Tuesday, April 05, 2005

Japanese Rewrite of School History Texts Angers China and South Korea

Japan is rewriting history...literally. And they are angering their neighbors.

Middle-school text books have continued to minimize wrongs done in Japan's role in World War II and have chosen to gloss over the more unpleasant parts of Japan's wartime role. South Korea and China have expressed disappointment that Japan continues to "...justify and glorify wrongs committed in the past." (BBC Story)

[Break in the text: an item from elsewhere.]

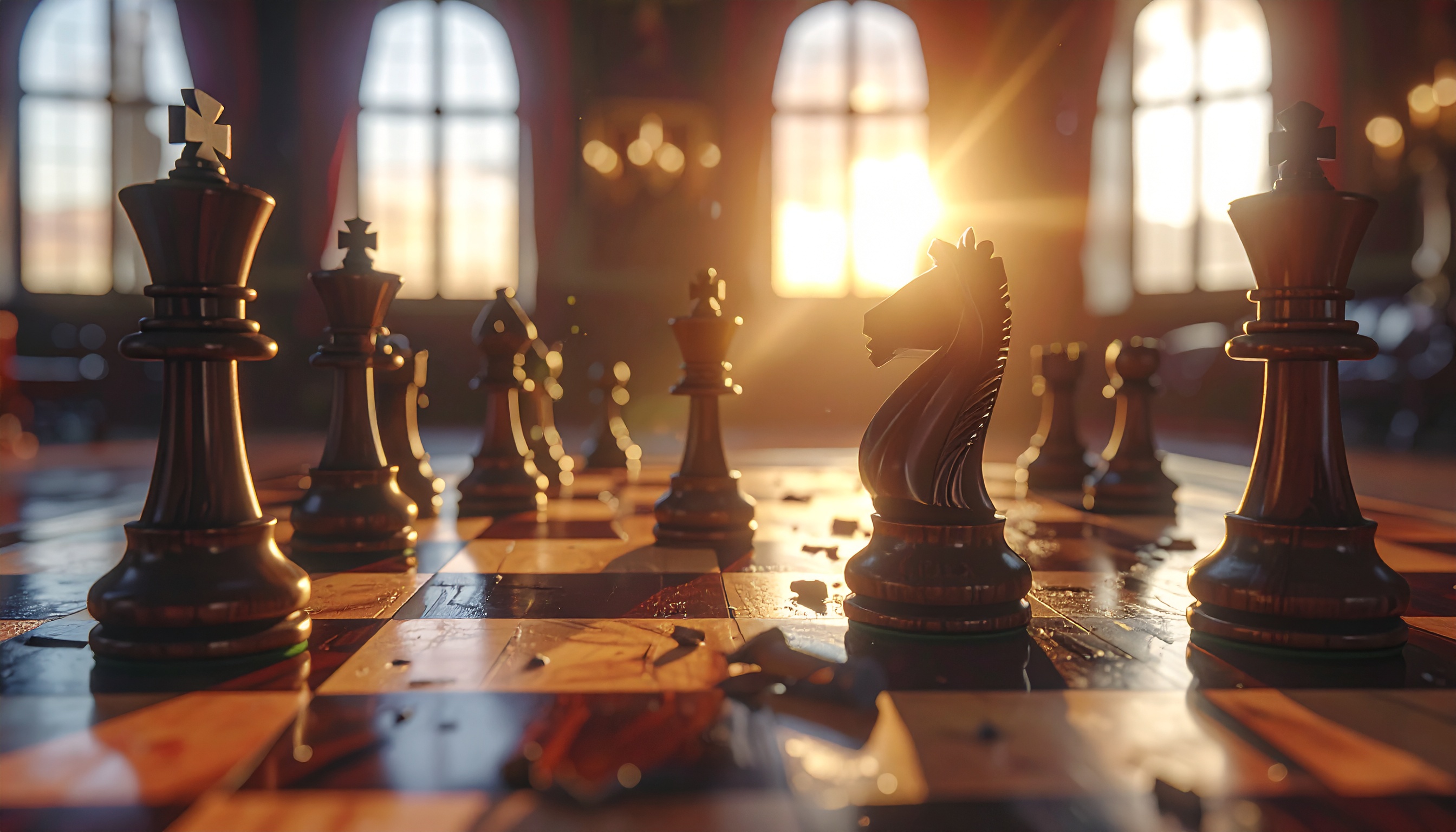 ロシア・クレムリン報道官ペスコフ、早期終結望むも対話再開見通し立たず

China and South Korea were two nations that were invaded and occupied by the Imperial Japanese Army during the years prior to and during the war. The Chinese were particularly offended by the textbook describing the Nanjing Massacre, in which 300,000 Chinese civilians were slaughtered, as an "incident." China also doesn't want Japan to get a permanent seat on the U.N. Security Council because of ongoing border and history disputes.

South Korea is upset because the textbook describes an ongoing border dispute between Japan and South Korea as an "illegal South Korean occupation" of disputed islands that are between the two countries and are claimed by both nations. The texts also skip over the part where 200,000 Korean women were used as sex slaves by Japanese soldiers.

Protests have been occurring in both South Korea and China in the last few weeks over these problems.

Japan should really tone it down if it wants to have the support of its neighbors in other matters. Why Japan is doing it now is a mystery, but it undermines Japanese democracy, openness and credibility when it tries to rewrite history in this way.